The woman who was the former director of the Jewish Museum of Florida had an article published in April of this year in “The Jewish Journal,” Broward edition, in which she decried the rise of anti-semitism, both in America and throughout the world and that, indeed, was good. The problem, however, arose when she put forth several comments with “facts” which were either questionable or totally false, and that is the perfect example of a horrible example of doing the wrong thing in writing unless one is writing fiction and in this case, the writing was anything but fiction and the “facts” were anything but; indeed, one of the several was questionable while the others were absolutely fictitious.

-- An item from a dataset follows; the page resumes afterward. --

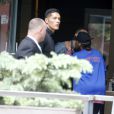 Lala Anthony et Simon Huck ont rendu visite à Kim Kardashian dans son appartement New Yorkais, New York, Etats-Unis, le 3 octobre 2016.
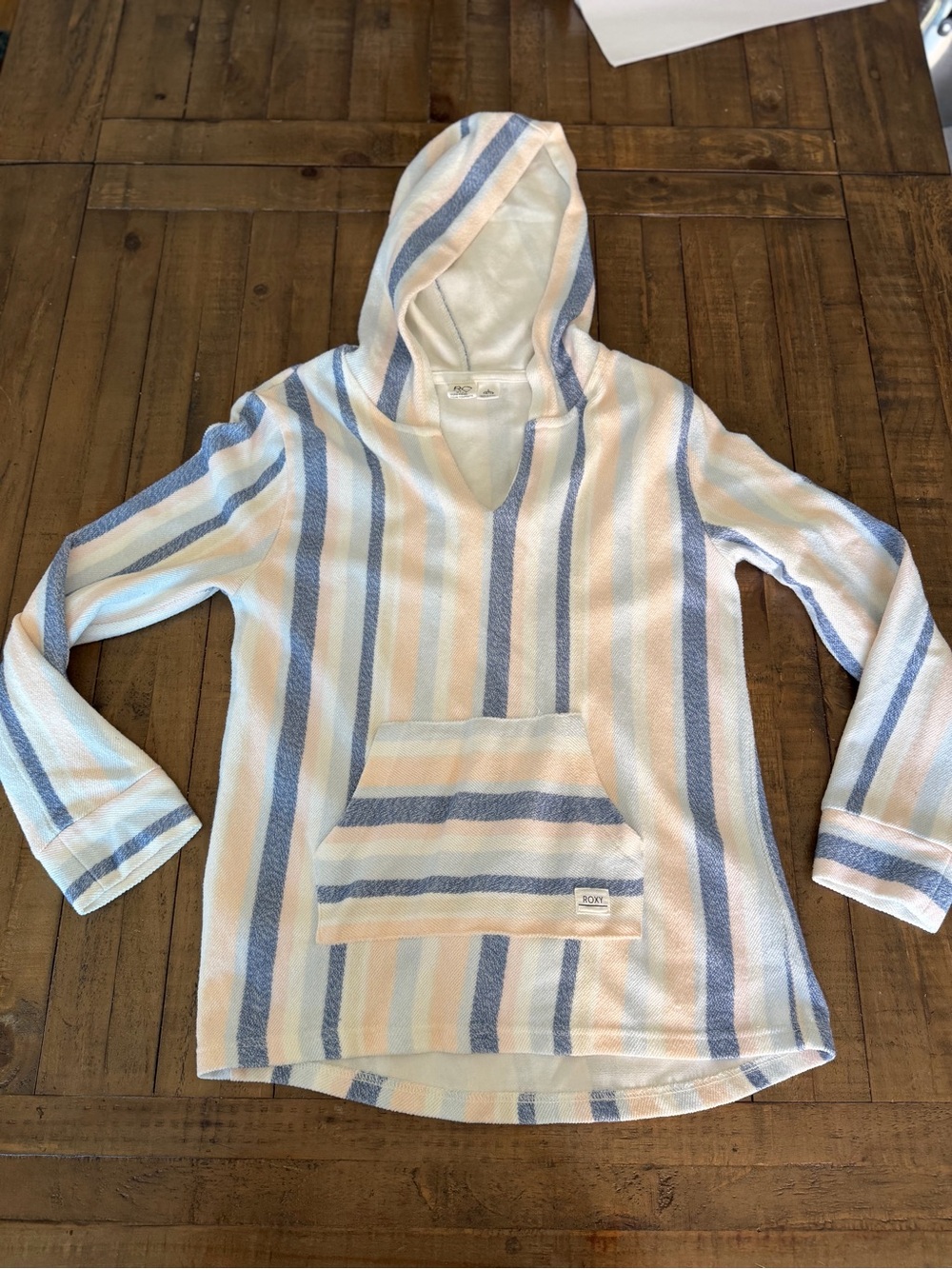 Roxy Striped Hooded Pullover - Blue & Cream & Light Pink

The article included a statement that “In 1955 a survey done by the Anti-Defamation League of B’nai Brith of more than 500 hotels in Florida more than fifty percent of them did not accept Jewish people as guests,” but the problems with what she wrote and how she phrased it were several.

This writer called the office of the Anti-Defamation League, which moved from Miami to Palm Beach County several years ago and the young man with whom I spoke stated their records only went back to 1960, and he referred me to the ADL’s New York office, which did not return my phone calls. But the problem is with the factuality of said survey being reported in the manner in which it was, and as the historian which I am, I felt it was and is my duty to ask the necessary questions regarding said survey.

First, where do I locate the record of that survey, especially since the Southeast Florida office of the ADL (I do not know if there is another ADL office in Florida) had no record of said survey. Second, it is highly unlikely that of “more then 500 hotels surveyed,” more than fifty percent answered in a negative manner regarding accepting Jewish guests, hence the next valid question becomes and is: fifty percent of what number; how many hotels actually responded to that survey? Fifty? Eighty-five? 115? Simply put, without knowing how many hotels did respond and did answer the questions, the survey results as stated by the former director are simply invalid. Finally, what were the actual questions involved? In order to make the claim that the survey was, indeed, valid, all three of those questions needed to be answered and without answers to them, the “results” are invalid.

Next, in said article there is a picture of a sign which reads “Always a View—Never a Jew” with the caption that said sign was “in front of the Gulf Hotel on Miami Beach.” The problem(s) with both the photo and the caption are several.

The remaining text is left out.